(Supplied material)
====
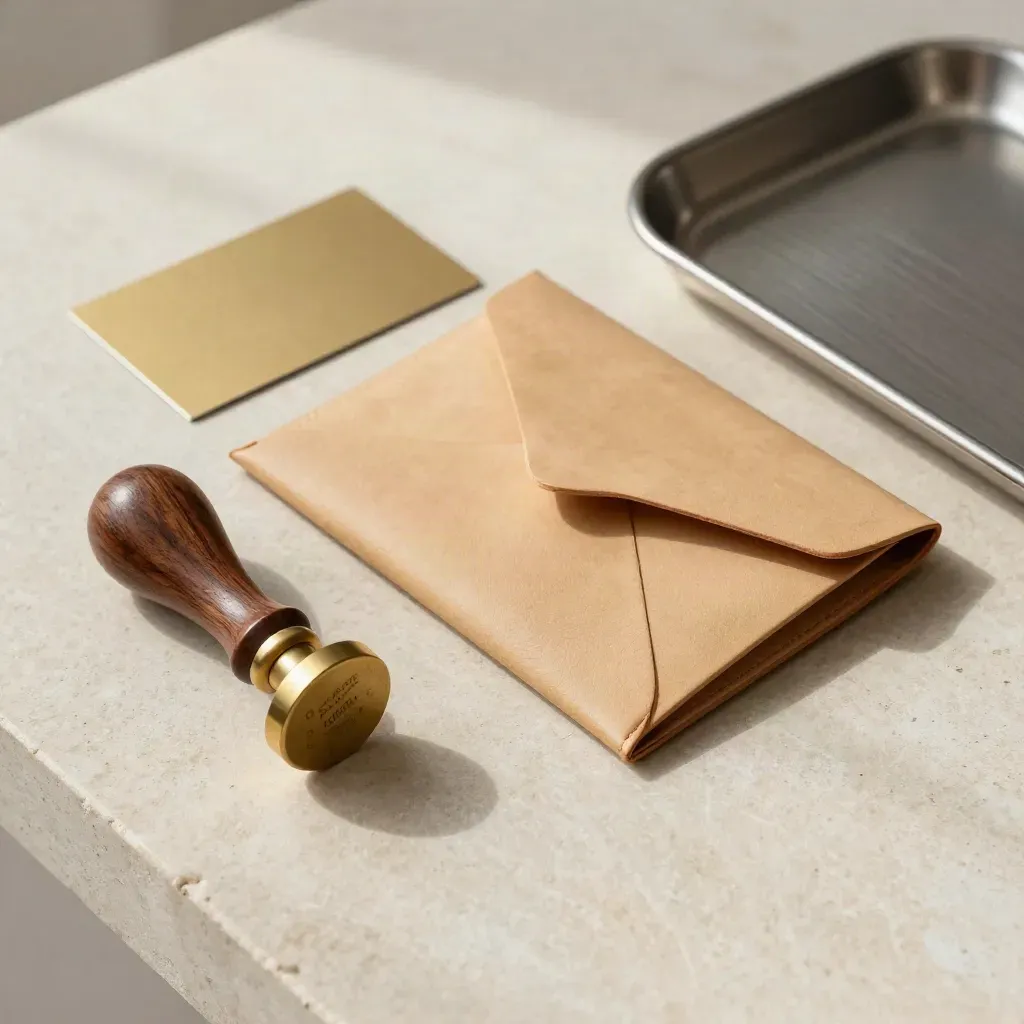 Brass date stamp, sealed envelope wallet and outgoing tray on pale stone overhead.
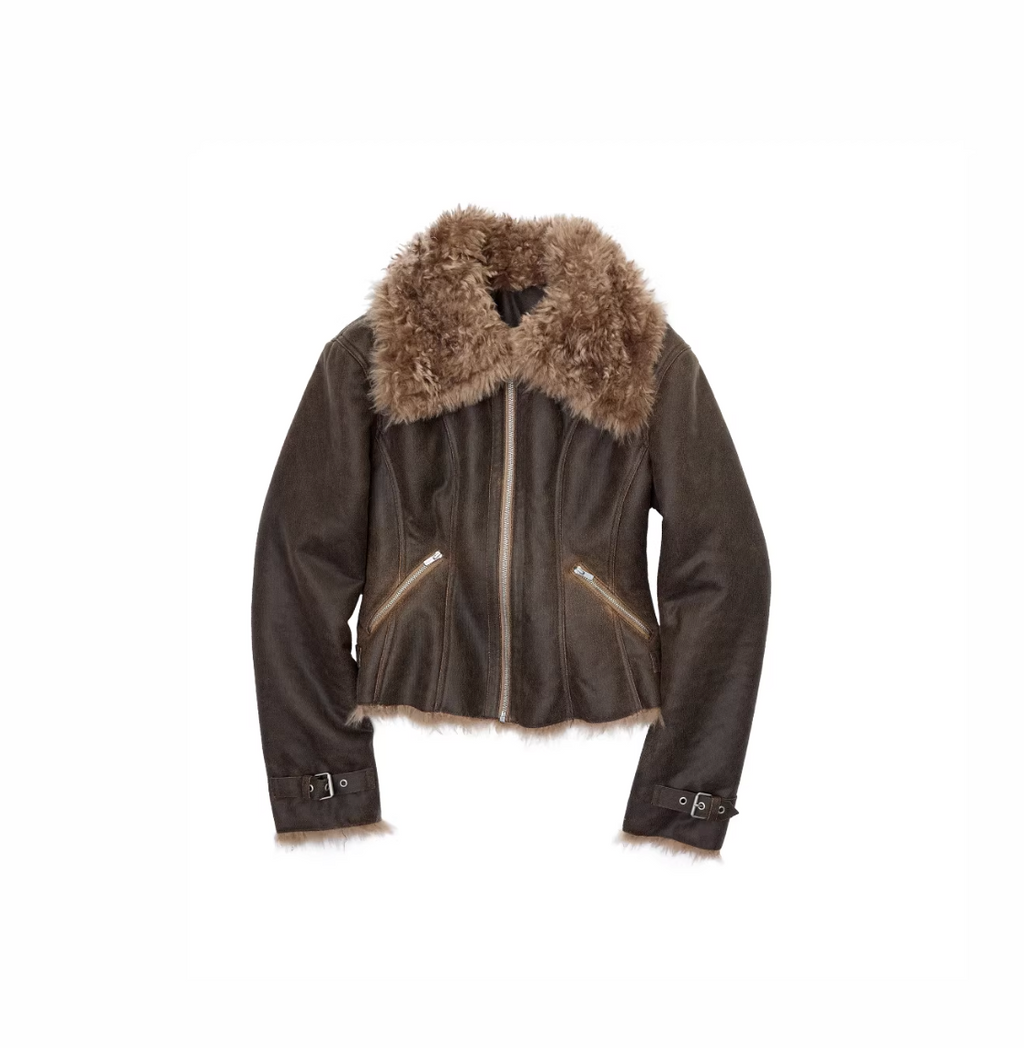 HERITAGE FAUX SHEARLING WASHED LEATHER JACKET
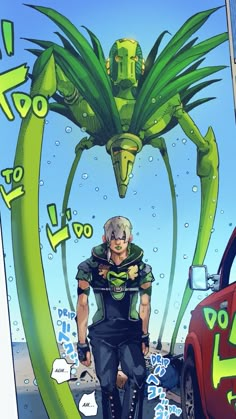 an anime character is standing in front of a giant green plant with words written on it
====
(Task prompt) Would you write out the data exactly, with no pictures in the copy?

(Expected answer)
 Brass date stamp, sealed envelope wallet and outgoing tray on pale stone overhead.
 HERITAGE FAUX SHEARLING WASHED LEATHER JACKET
 an anime character is standing in front of a giant green plant with words written on it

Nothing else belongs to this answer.